山谷嘗為子弟言: “士生于世,可百不為,惟不可俗,俗便不可醫也。”臨大節而不可奪者不俗也。宋人之以為不祥也,俗也。侍御公之結集也,醫俗也。世有不俗者定不作書畫觀矣。
(《容臺集》)
黃庭堅是“蘇門四學士”之一,他師承蘇軾,又憑著自己的創造性從而在文學史上留下了獨特的足跡,終于能與蘇軾齊名,被人并稱“蘇黃”。他還是一位書法家和繪畫鑒賞家。他既注重學問,又注重道德修養。因此蘇軾稱贊他“瑰偉之文妙絕當世,孝友之行追配古人”。
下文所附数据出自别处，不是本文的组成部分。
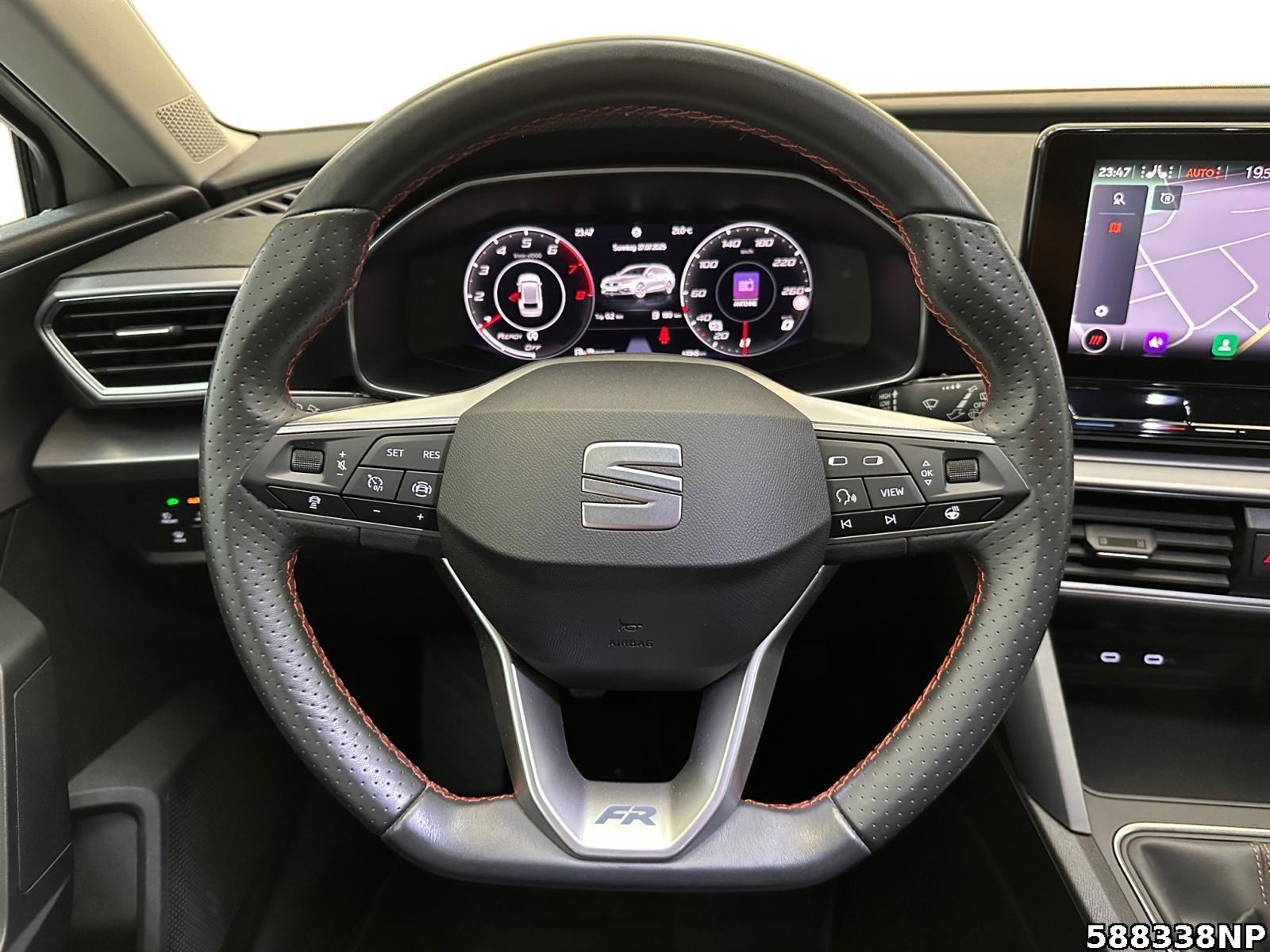 Fahrzeugabbildung SEAT Leon FR Kamera DAB+ LED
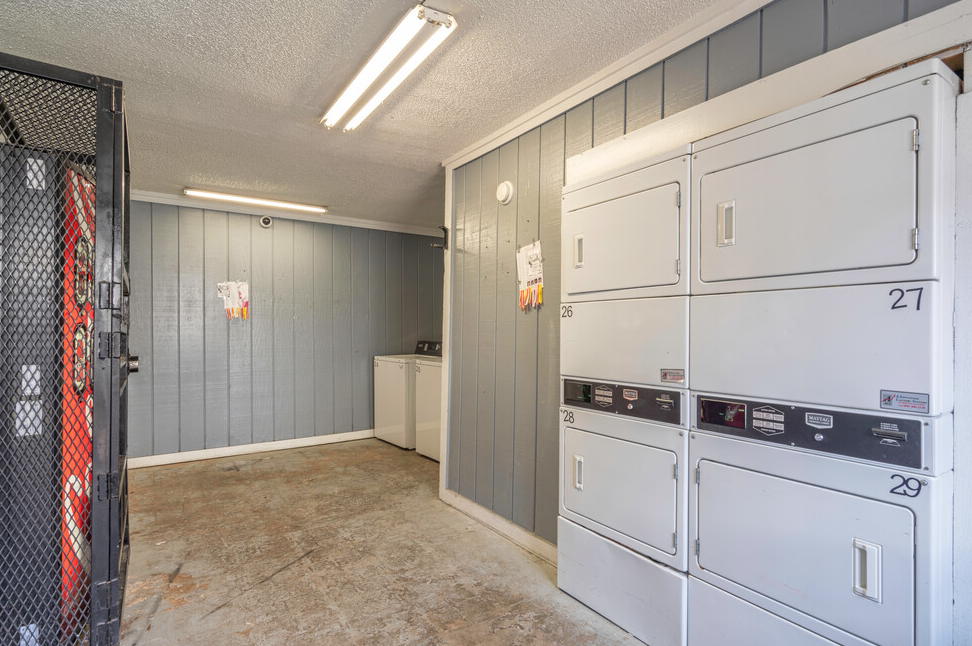 Rockridge Springs Apartments 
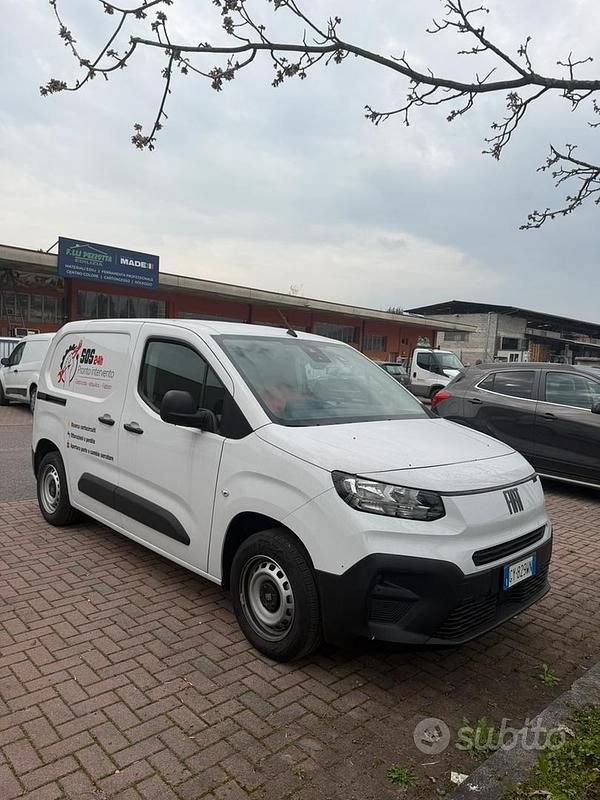Usata Fiat Doblò 100 CV (73 kW) 2023 Bianco Monovolume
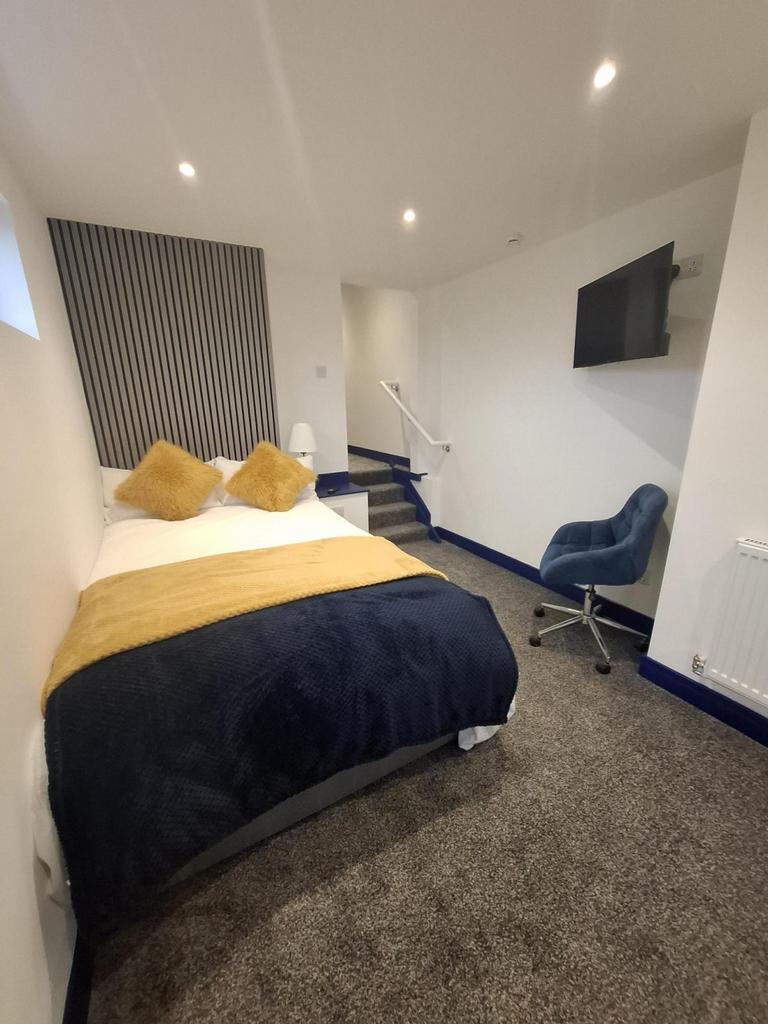 Room to let in newly refurbished HMO – Heneage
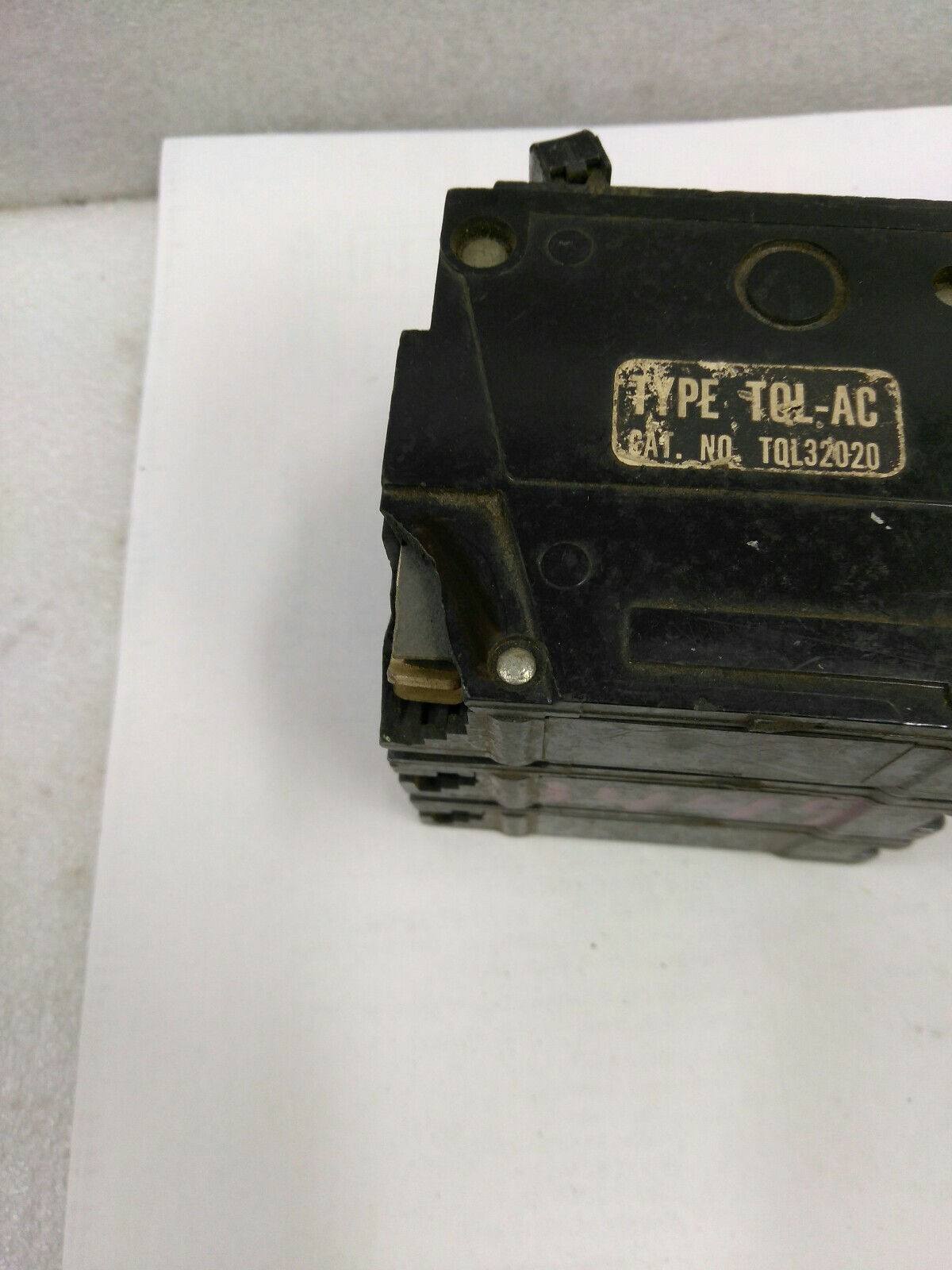 GE TQL32020 3P 20A 240VA Plug-In, GROVE Model TQL-AC Breaker CHIPS (14CB3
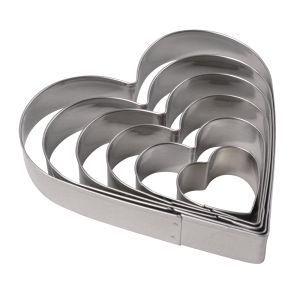 Heart-shaped cookie cutters f. deco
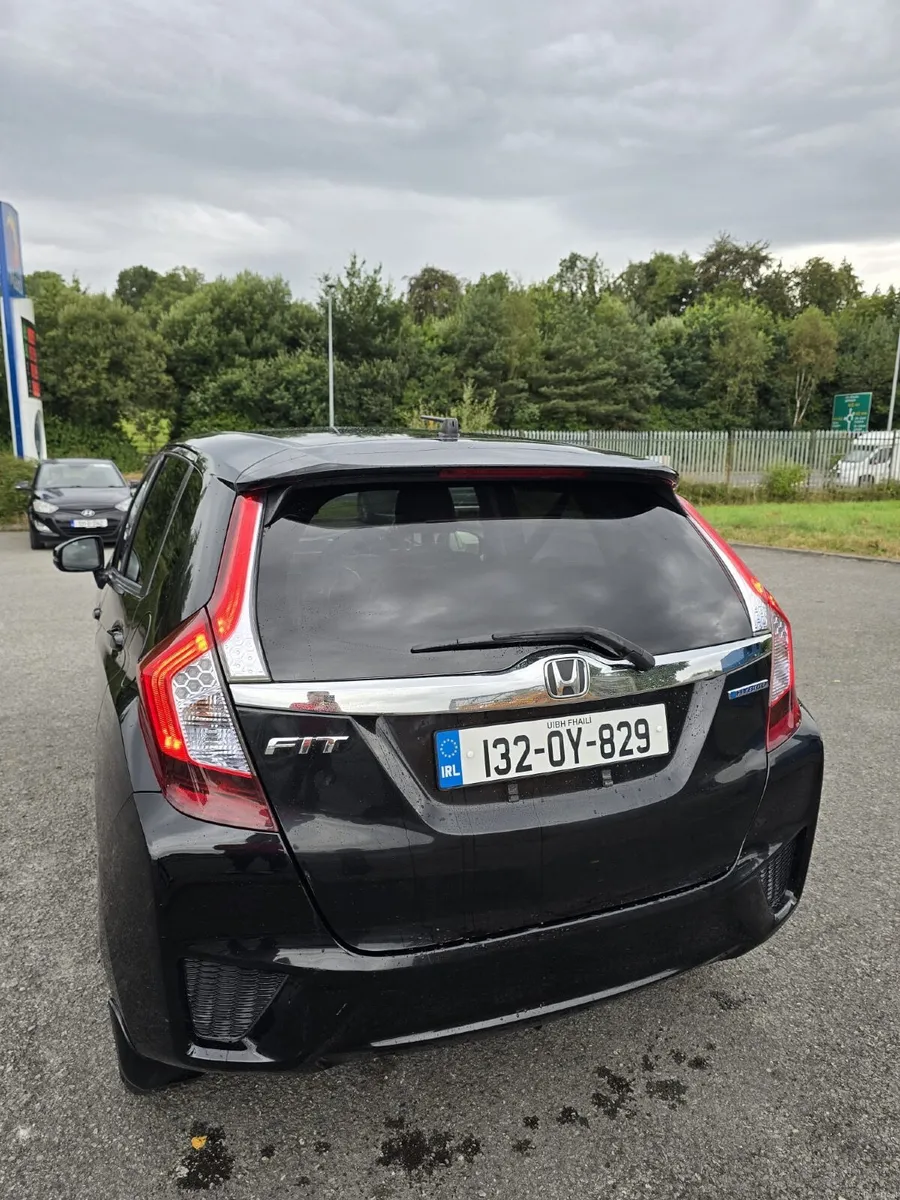 Honda Fit 2013 - Image 2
董其昌說“此真東坡之所畏”是一點不假的。“畏”,是敬服的意思。董其昌從“為人”談到“為文”,說明了黃庭堅文章的風格源流,使人一目了然。“雖偏師出奇,皆超出情量,動中肯綮”三句總結出黃文的特點,那就是能獨樹一幟,突破常情的界限,每每作出有深度的文章來。這種概括,作為一篇書序是不可少的。作者知人論文,說得恰到好處。
蘇黃二公的作品,由于政治的原因,遭到了庸人們不公平的對待。但是,“豈知五百年后,小璣片玉,盡享連城,”經歷了歷史的坎坷,更顯出它的價值。楊侍御將蘇黃題跋匯編成集,其意義自然是不可估量的了。
最后以一段議論結束全文。作者介紹了黃庭堅關于“不可俗”的哲言,這是議論的出發點。“俗”,是指庸俗而無原則。照董其昌的解釋,不屈服子政治壓力,大節不奪,是為“不俗”; 相反,懾于黨禁禍患,視蘇黃的作品為“不祥”,是為“俗”。作者認為今天楊公將蘇黃題跋結集,是為“醫俗”,從而肯定了他對歷史上庸俗傾向的清算。由于有著如此深刻的含義和歷史的曲折,讀者就不應把蘇黃題跋文字僅僅當作書畫作品來看。一個短篇書序,以簡練而周密的議論,起到了一箭數雕的效果。